Data:
+---+

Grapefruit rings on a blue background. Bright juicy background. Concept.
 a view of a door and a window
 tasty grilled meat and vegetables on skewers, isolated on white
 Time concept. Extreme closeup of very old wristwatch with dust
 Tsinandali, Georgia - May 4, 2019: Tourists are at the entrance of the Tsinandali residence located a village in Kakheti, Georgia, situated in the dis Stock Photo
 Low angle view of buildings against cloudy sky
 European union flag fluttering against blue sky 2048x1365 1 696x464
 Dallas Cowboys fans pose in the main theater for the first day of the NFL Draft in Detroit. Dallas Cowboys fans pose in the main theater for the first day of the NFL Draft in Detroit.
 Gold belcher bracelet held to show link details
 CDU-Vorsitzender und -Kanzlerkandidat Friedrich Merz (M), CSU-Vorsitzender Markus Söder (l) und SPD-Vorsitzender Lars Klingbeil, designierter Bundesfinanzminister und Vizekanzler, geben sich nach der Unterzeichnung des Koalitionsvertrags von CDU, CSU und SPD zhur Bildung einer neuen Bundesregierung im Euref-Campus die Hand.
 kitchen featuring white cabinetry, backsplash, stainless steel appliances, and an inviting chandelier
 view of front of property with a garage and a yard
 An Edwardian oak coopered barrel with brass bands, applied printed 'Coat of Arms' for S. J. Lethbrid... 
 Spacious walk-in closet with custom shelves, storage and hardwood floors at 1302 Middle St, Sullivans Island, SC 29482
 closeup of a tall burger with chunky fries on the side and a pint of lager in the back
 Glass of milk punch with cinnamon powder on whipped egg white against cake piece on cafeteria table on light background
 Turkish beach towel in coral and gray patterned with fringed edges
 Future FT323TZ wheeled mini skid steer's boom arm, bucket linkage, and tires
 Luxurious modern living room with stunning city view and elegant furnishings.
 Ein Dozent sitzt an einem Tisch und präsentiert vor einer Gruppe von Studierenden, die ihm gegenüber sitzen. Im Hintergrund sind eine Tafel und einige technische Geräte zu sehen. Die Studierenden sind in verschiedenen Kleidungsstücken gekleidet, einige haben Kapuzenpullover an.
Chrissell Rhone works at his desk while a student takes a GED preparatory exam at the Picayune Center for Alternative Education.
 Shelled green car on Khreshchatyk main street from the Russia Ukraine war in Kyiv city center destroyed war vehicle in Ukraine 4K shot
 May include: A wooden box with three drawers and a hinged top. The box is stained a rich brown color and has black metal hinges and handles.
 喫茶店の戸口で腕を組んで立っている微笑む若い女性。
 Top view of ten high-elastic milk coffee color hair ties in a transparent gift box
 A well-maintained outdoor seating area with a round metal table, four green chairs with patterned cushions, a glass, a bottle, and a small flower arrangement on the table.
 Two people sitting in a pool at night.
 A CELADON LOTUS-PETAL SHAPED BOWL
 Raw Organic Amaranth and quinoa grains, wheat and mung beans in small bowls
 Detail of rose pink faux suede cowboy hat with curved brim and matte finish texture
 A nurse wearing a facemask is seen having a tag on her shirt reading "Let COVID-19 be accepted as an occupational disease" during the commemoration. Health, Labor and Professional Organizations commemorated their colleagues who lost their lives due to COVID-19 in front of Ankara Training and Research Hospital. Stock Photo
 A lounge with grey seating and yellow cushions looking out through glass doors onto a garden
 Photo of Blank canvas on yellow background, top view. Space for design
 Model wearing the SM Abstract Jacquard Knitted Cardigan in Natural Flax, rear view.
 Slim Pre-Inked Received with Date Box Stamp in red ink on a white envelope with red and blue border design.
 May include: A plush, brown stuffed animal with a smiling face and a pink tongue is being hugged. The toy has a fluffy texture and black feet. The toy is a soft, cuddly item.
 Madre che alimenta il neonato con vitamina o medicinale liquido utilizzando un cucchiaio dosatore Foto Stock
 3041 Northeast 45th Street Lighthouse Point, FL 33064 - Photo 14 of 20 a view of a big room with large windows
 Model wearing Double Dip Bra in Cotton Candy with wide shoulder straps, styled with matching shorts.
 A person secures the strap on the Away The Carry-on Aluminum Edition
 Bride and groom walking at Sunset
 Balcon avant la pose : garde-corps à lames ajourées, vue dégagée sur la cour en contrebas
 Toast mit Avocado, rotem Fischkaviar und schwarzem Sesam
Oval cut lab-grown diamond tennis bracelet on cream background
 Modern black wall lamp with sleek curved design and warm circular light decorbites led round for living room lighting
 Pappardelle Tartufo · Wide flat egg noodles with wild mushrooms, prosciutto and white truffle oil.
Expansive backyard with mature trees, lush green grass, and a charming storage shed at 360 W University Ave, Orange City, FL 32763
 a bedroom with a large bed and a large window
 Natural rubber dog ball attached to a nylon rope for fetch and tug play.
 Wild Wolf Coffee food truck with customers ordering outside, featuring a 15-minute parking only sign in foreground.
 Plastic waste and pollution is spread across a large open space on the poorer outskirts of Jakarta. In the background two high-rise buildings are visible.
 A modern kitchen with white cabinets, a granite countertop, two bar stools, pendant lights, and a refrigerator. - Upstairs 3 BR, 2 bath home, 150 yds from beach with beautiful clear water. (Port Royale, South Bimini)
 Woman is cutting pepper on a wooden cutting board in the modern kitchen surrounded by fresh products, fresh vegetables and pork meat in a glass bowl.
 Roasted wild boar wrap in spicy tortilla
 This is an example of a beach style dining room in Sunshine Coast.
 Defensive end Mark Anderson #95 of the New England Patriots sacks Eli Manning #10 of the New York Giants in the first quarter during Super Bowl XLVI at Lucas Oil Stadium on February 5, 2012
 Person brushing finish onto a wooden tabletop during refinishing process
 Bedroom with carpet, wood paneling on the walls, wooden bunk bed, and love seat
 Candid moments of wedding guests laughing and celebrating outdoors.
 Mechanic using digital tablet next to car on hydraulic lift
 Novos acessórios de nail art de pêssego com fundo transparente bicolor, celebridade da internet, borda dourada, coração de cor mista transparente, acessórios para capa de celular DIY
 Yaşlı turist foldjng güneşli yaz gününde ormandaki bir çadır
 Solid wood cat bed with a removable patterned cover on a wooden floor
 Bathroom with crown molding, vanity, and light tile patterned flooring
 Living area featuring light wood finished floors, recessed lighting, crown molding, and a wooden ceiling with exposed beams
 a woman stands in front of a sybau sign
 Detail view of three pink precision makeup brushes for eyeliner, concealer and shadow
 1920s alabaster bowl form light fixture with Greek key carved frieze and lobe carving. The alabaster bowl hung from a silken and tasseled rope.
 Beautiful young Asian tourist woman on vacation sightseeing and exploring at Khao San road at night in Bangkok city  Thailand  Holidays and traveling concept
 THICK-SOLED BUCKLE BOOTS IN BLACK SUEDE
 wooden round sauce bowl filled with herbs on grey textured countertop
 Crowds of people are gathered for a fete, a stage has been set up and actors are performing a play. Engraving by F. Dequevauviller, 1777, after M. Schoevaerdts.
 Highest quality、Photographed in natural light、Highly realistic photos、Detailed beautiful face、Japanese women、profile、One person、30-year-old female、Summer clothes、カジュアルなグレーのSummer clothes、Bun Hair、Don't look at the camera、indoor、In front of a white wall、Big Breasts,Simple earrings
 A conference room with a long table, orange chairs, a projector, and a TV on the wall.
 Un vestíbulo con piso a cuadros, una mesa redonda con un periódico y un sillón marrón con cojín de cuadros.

+---+

Task to carry out:
The answer must be every line of the entries that includes the word "view".

Problem solution:
 a view of a door and a window
 Low angle view of buildings against cloudy sky
 view of front of property with a garage and a yard
 Luxurious modern living room with stunning city view and elegant furnishings.
 Top view of ten high-elastic milk coffee color hair ties in a transparent gift box
 Photo of Blank canvas on yellow background, top view. Space for design
 Model wearing the SM Abstract Jacquard Knitted Cardigan in Natural Flax, rear view.
 3041 Northeast 45th Street Lighthouse Point, FL 33064 - Photo 14 of 20 a view of a big room with large windows
 Detail view of three pink precision makeup brushes for eyeliner, concealer and shadow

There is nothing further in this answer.